- _REQUIRED WORK_
Only a number is required: the count of lines in the material below that contain "with".

- _SUPPLIED DATA_
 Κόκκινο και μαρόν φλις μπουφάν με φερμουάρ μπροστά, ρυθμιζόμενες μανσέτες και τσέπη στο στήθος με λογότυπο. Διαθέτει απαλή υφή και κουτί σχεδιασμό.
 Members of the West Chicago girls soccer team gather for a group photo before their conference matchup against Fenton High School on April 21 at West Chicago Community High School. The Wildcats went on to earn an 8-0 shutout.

---

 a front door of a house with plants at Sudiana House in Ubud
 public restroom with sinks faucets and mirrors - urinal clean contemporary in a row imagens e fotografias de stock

- _RESULT FOR THIS EXERCISE_
2